Broadbent Steven D, Wang Wuyang, Linsdell Paul
Department of Physiology and Biophysics, Dalhousie University, PO Box 15000, Halifax, NS B3H 4R2, Canada.
Biochem Cell Biol. 2014 Oct;92(5):390-6. doi: 10.1139/bcb-2014-0066. Epub 2014 Aug 20.
Activity of the cystic fibrosis transmembrane conductance regulator (CFTR) chloride channel is thought to be controlled by cytoplasmic factors. However, recent evidence has shown that overall channel activity is also influenced by extracellular anions that interact directly with the extracellular loops (ECLs) of the CFTR protein.
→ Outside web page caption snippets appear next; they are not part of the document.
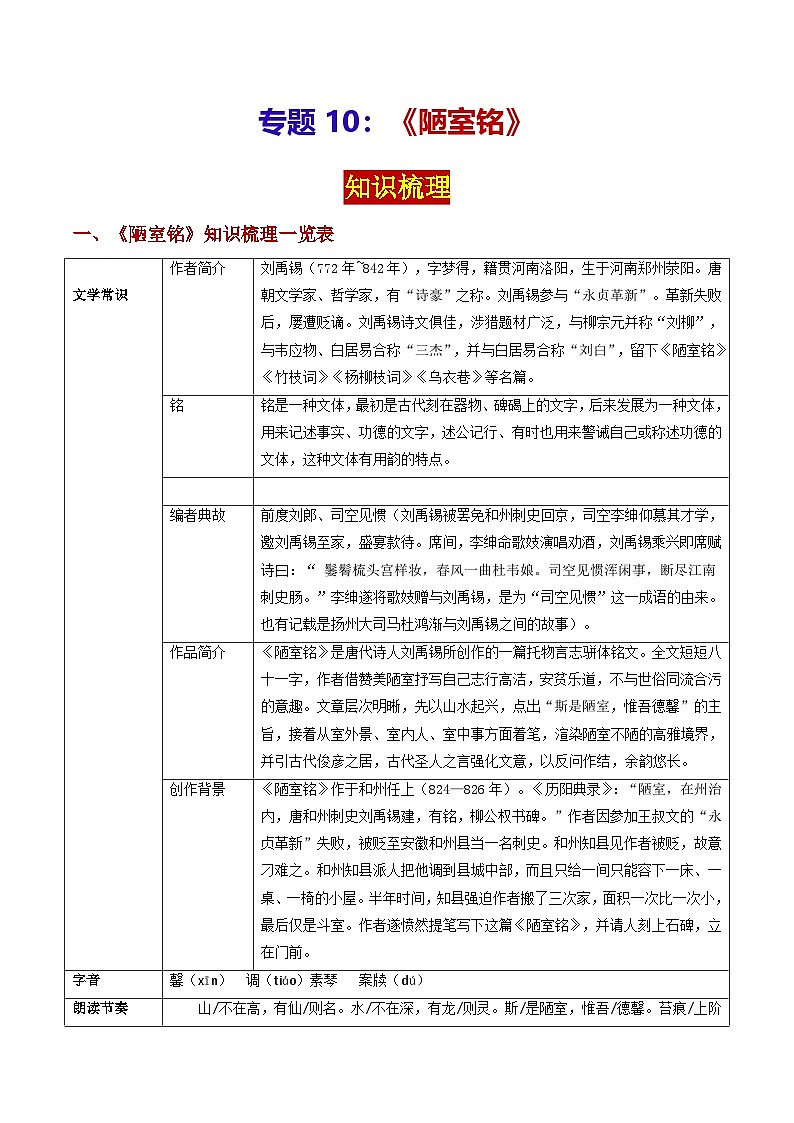 专题10 《陋室铭》（知识梳理）-备战2025年中考语文·课内39篇文言文阅读第1页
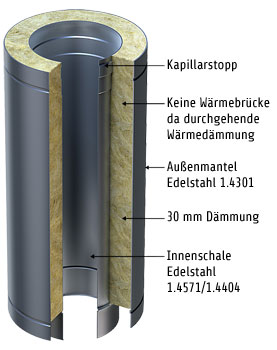 Edelstahlschornstein doppelwandig AA-Kaminwelt 113 mm Schnitt
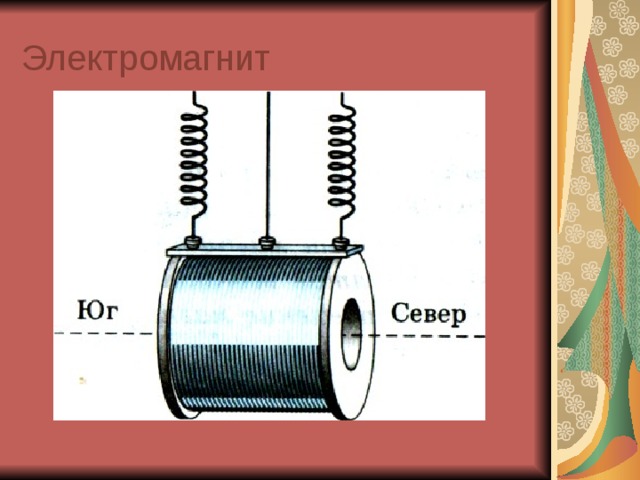 Презентация электромагниты и их применение 8 класс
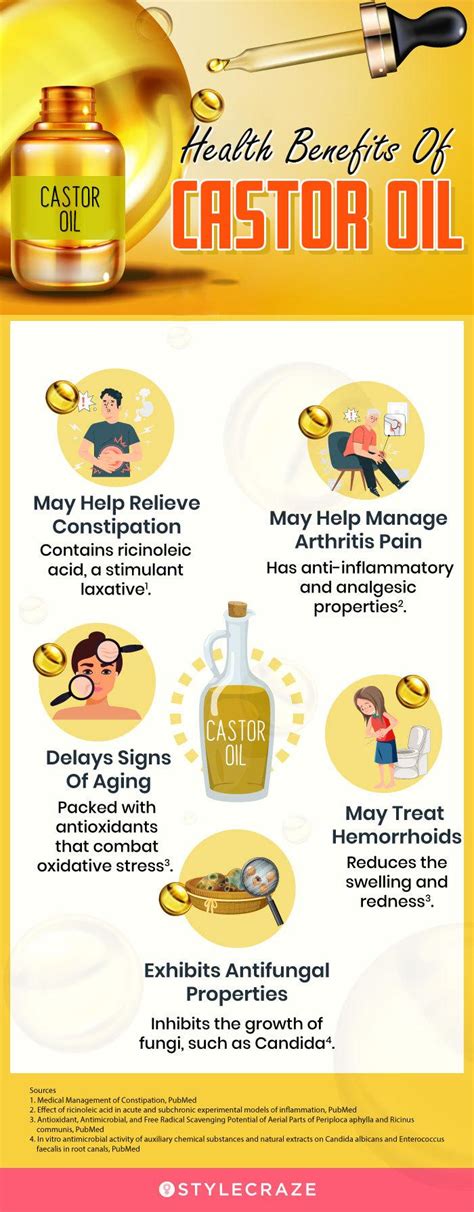 Benefits of Castor Oil for Hair Growth:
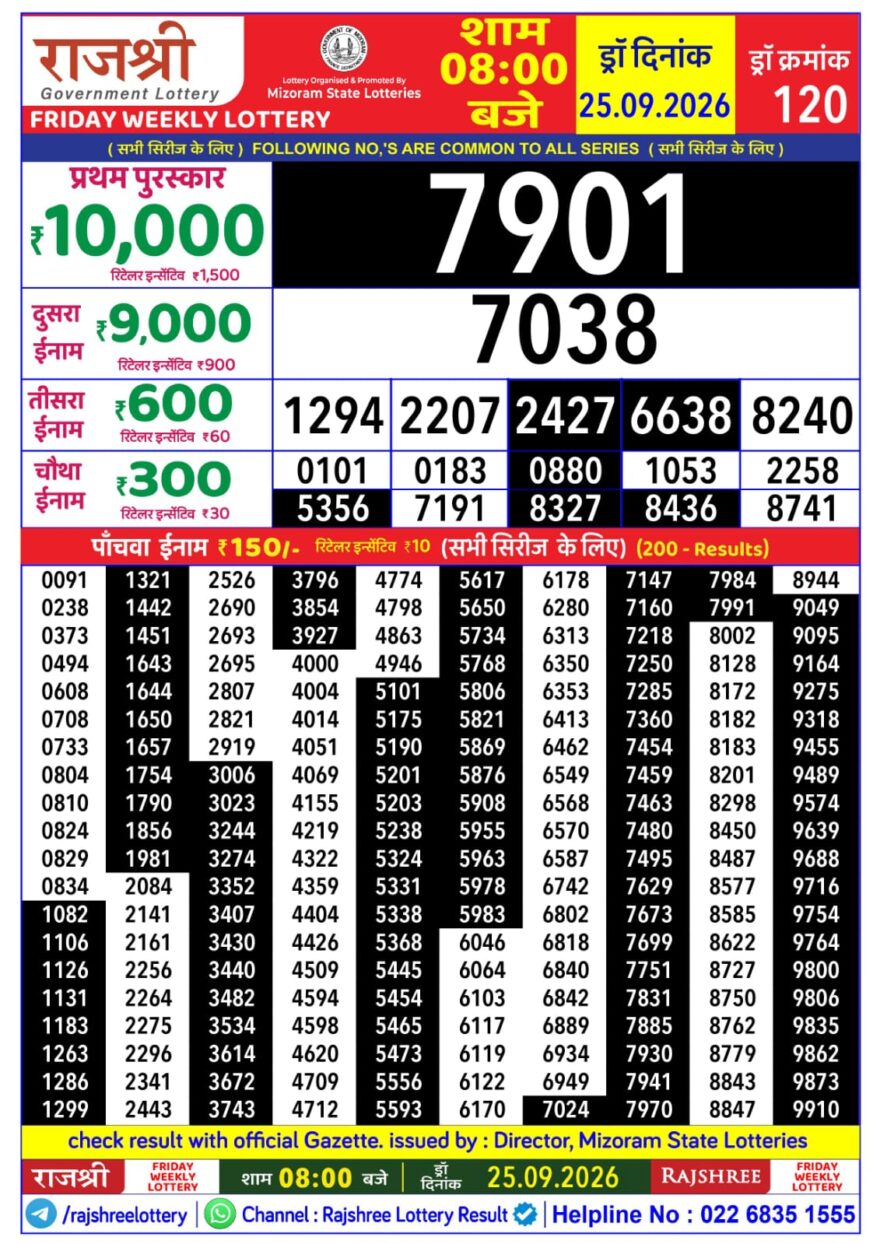 Rajshree Daily 8PM Result 25 09 26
Very little is known about the structure of the ECLs or how substances interacting with these ECLs might affect CFTR function. We used patch-clamp recording to investigate the accessibility of cysteine-reactive reagents to cysteines introduced throughout ECL1 and 2 key sites in ECL4. Furthermore, interactions between ECL1 and ECL4 were investigated by the formation of disulfide crosslinks between cysteines introduced into these 2 regions. Crosslinks could be formed between R899C (in ECL4) and a number of sites in ECL1 in a manner that was dependent on channel activity, suggesting that the relative orientation of these 2 loops changes on activation. Formation of these crosslinks inhibited channel function, suggesting that relative movement of these ECLs is important to normal channel function. Implications of these findings for the effects of mutations in the ECLs that are associated with cystic fibrosis and interactions with extracellular substances that influence channel activity are discussed.
囊性纤维化跨膜传导调节因子(CFTR)氯离子通道的活性被认为受细胞质因子控制。然而,最近的证据表明,通道的整体活性也受到细胞外阴离子的影响,这些阴离子直接与CFTR蛋白的细胞外环(ECL)相互作用。关于ECL的结构或与这些ECL相互作用的物质如何影响CFTR功能,人们了解甚少。我们使用膜片钳记录来研究半胱氨酸反应试剂对引入ECL1和ECL4关键位点的半胱氨酸的可及性。此外,通过在引入这两个区域的半胱氨酸之间形成二硫键交联来研究ECL1和ECL4之间的相互作用。R899C(在ECL4中)与ECL1中的多个位点之间可以以依赖于通道活性的方式形成交联,这表明这两个环的相对取向在激活时会发生变化。这些交联的形成抑制了通道功能,表明这些ECL的相对移动对正常通道功能很重要。本文讨论了这些发现对与囊性纤维化相关的ECL突变的影响以及与影响通道活性的细胞外物质相互作用的意义。